La date de construction, lorsqu’elle est significative, confirme ce qui est affirmé dans d’autres études : la température est plus élevée dans les logements les plus récents. Quant à l’âge, les régressions ont tendance à confirmer que la température est plus élevée chez les personnes plus âgées. Par ailleurs, rien ne permet de confirmer que les jeunes vivent également dans des logements plus chauffés contrairement à ce qui est suggéré dans la littérature. Le type de chauffage semble principalement jouer un rôle dans le séjour et dans la chambre. La température y est plus élevée lorsque le logement est équipé d’un chauffage collectif. Il n’est pas significatif dans la cuisine.

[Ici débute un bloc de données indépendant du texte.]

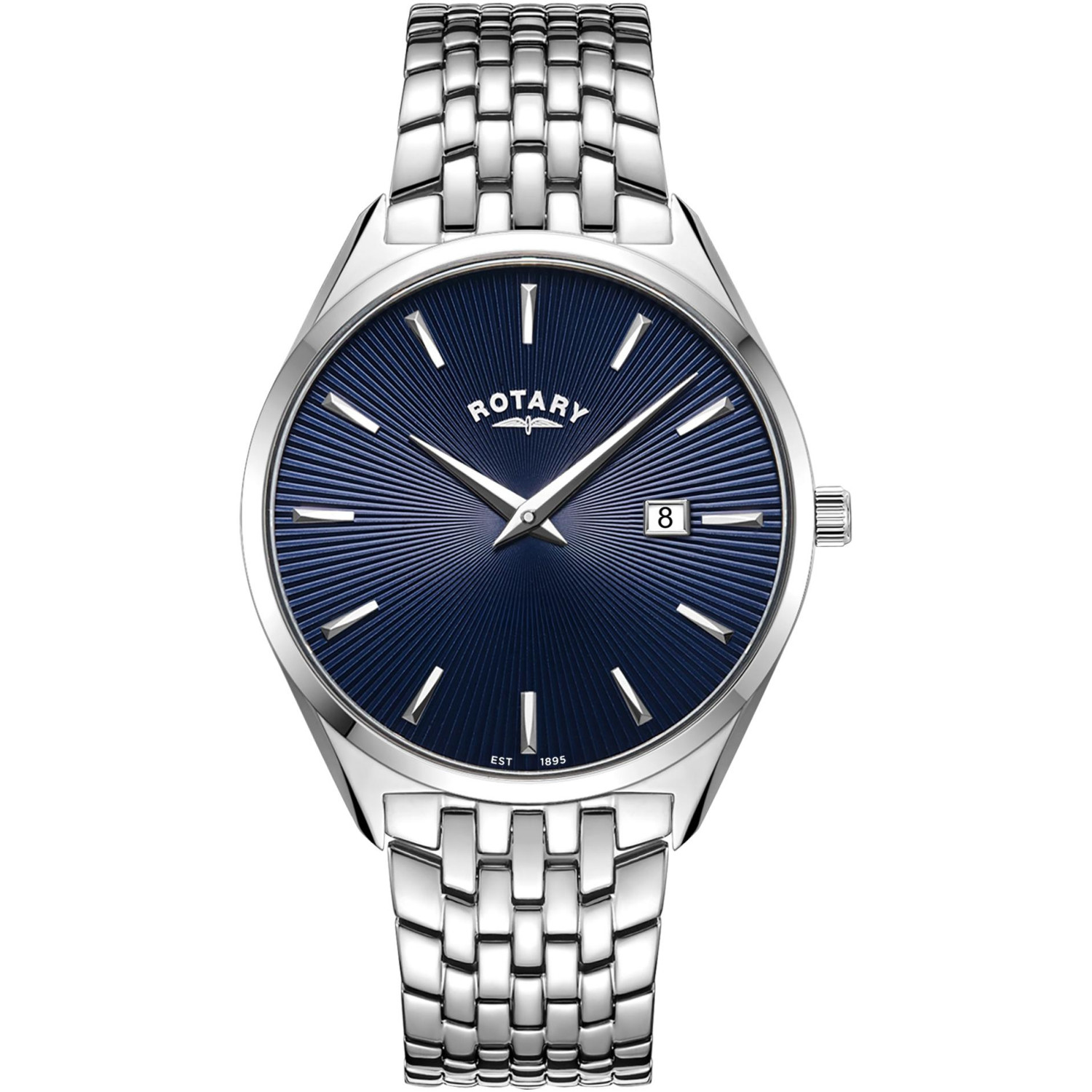 Rotary Ultra Slim GB08010/05 - męski zegarek o grubości 5,7 mm z niebieską tarczą guilloche na stalowej bransolecie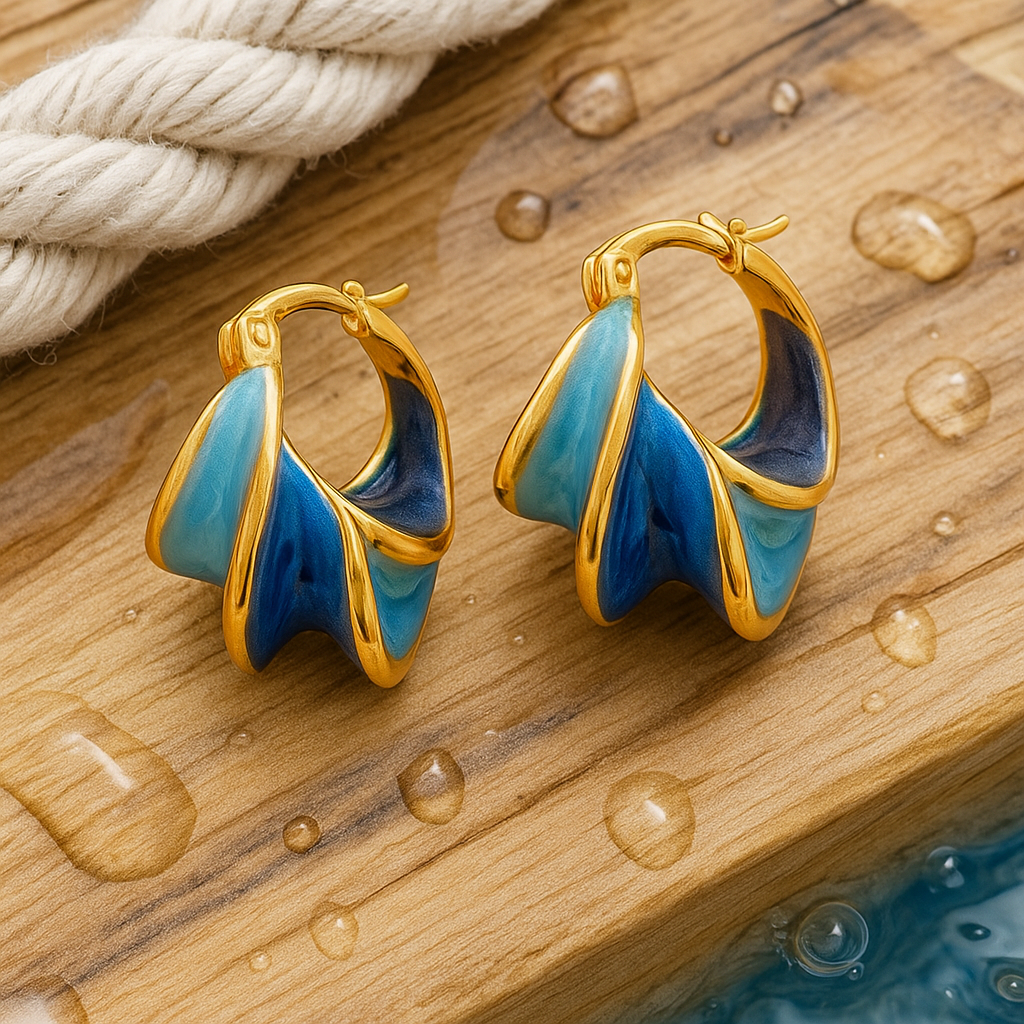 Marina – Ohrringe Spirale Blau Vintage
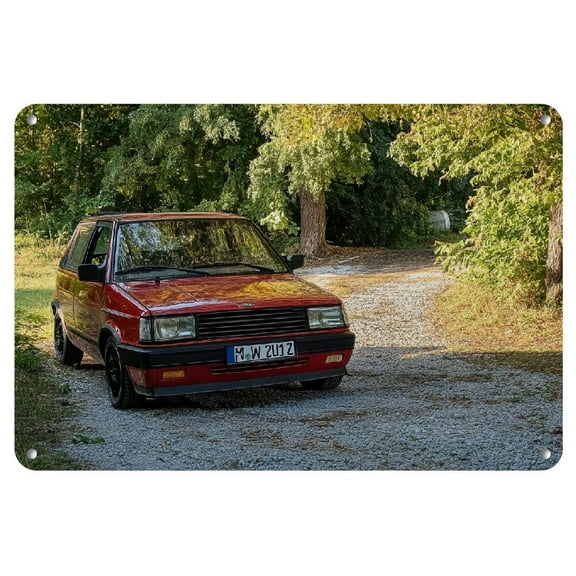 1pc Retro Red Hatchback Car Metal Tin Sign, Vintage Iron Wall Art, Classic Automobile Decor for Indoor &amp; Outdoor, Collectors and Urban Decor Enthusiasts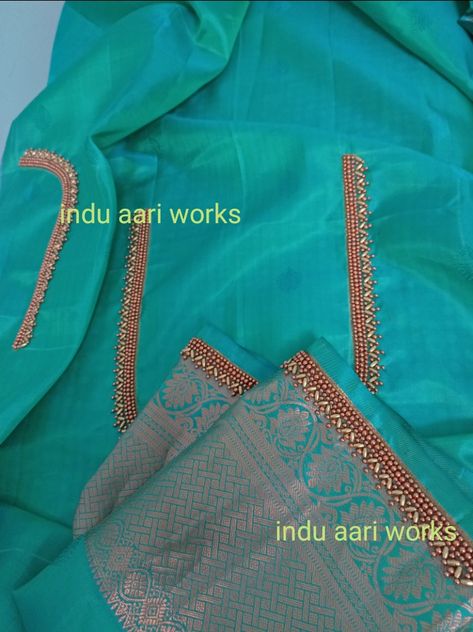 Aari Simple Blouse Design 1000, 500 Rs Aari Work Design, 1000 Rs Aari Work Design, Simple Aari Blouse Designs, Simple Aari Work Blouse Design, Simple Aari Work, Magam Work, Mirror Work Blouse Design, Aari Design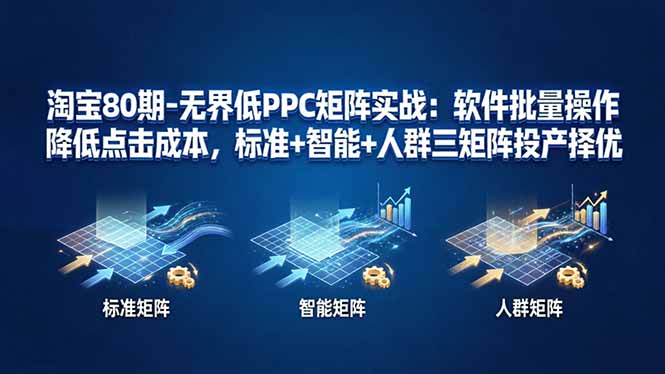 淘宝80期-无界低PPC矩阵实战：软件批量操作降低点击成本，标准+智能+人群三矩阵投产择优-黑马项目网
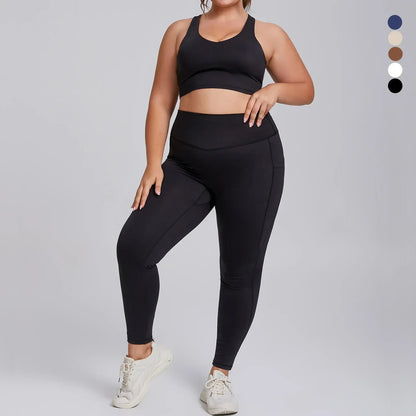 Plus Size Yoga Outfit – Sports Bra & Leggings Set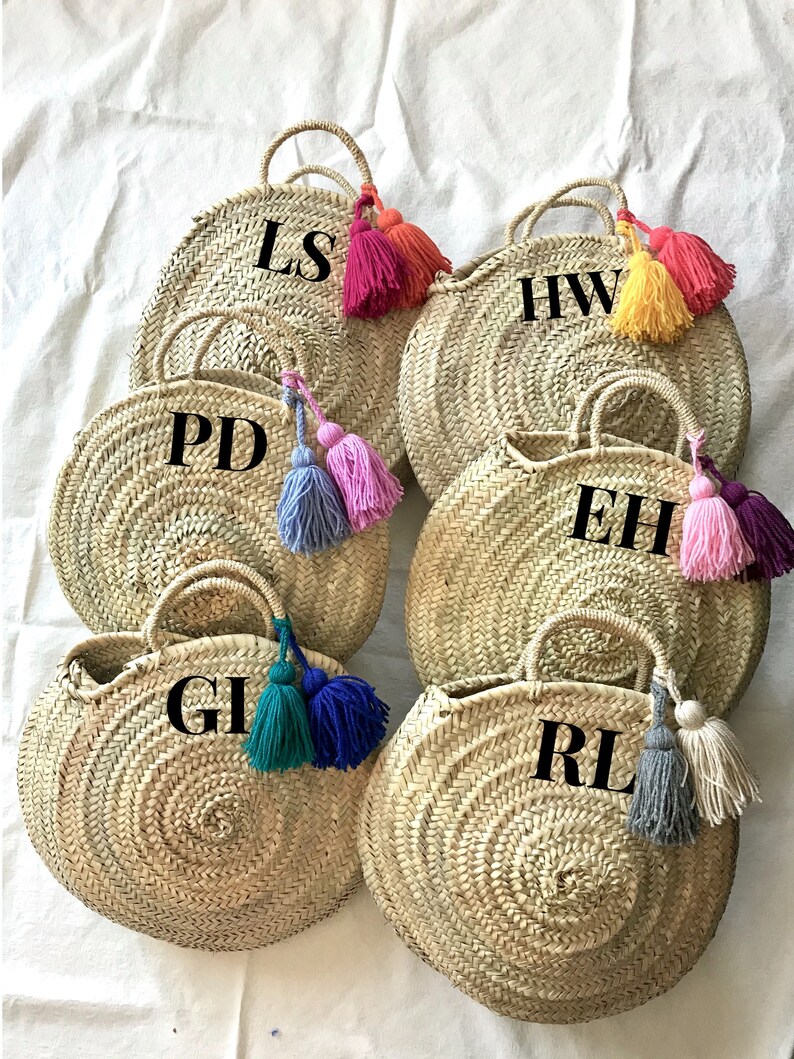 Wholesale 10 x Round Straw Baskets // Monogram Bridesmaids Etsy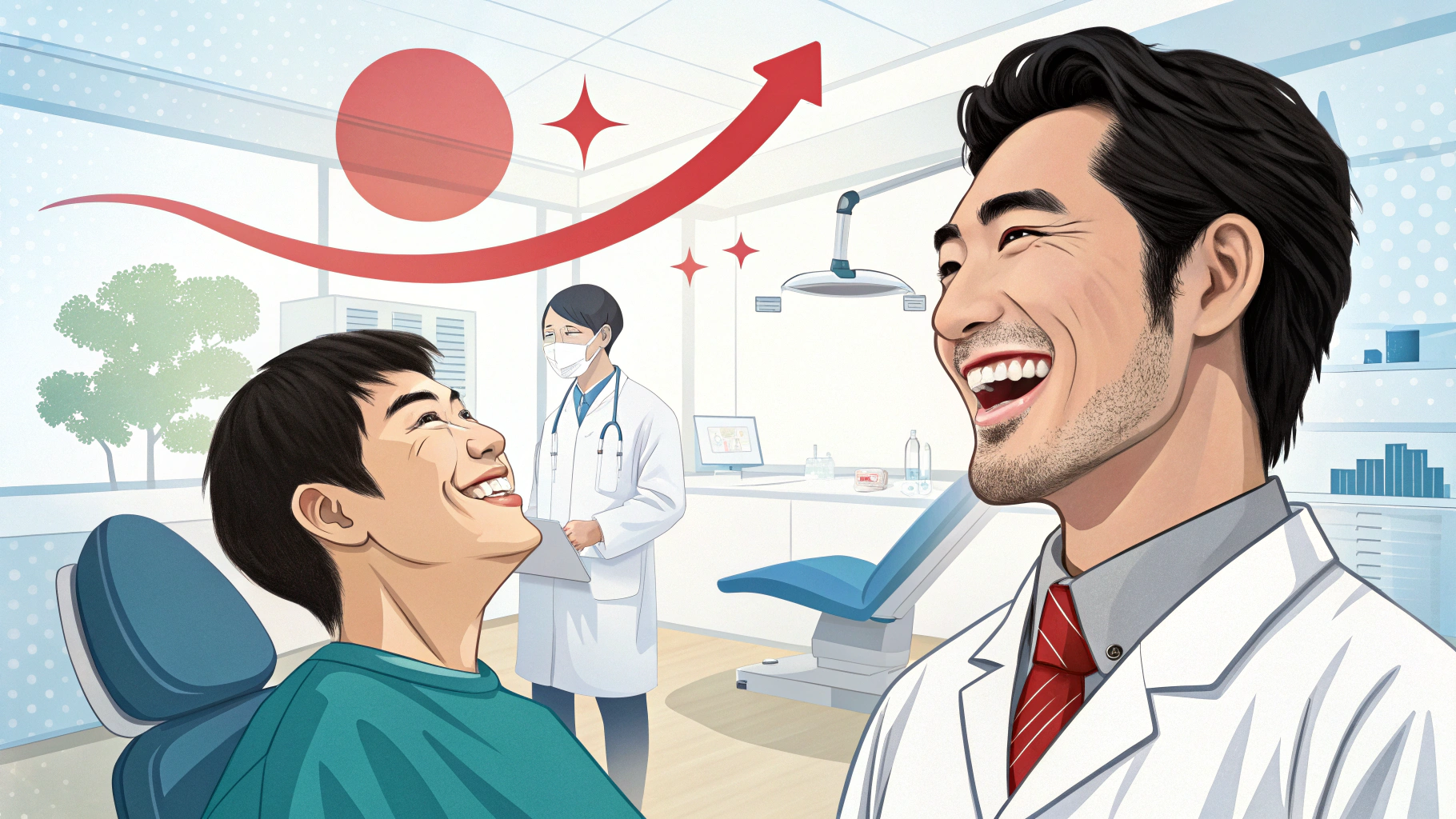 歯科医院の診察室で治療チェアに座る患者と歯科医師が笑顔で話している様子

Suivant les estimations, le type de logement (individuel ou collectif) n’a pas d’impact sur la température. Si pour certains auteurs l’isolation joue un rôle sur les niveaux de température, cette hypothèse n’est pas confirmée avec les travaux économétriques réalisés à partir de l’enquête OQAI. La zone climatique où se situe le logement semble être un déterminant significatif même si cette variable est rarement citée dans la littérature. La température dans les chambres est plus élevée dans les régions à climat doux. En revanche, les coefficients ne sont pas du même signe dans la cuisine. Quant au revenu, cette variable est rarement significative. Dans le cas où elle est significative, l’effet est très vite plafonné ce qui semble en opposition avec nombre d’auteurs. Enfin, le nombre de personnes dans le ménage, rarement cité, est parfois significatif en particulier dans la cuisine où, plus le ménage est grand, plus la température y est élevée.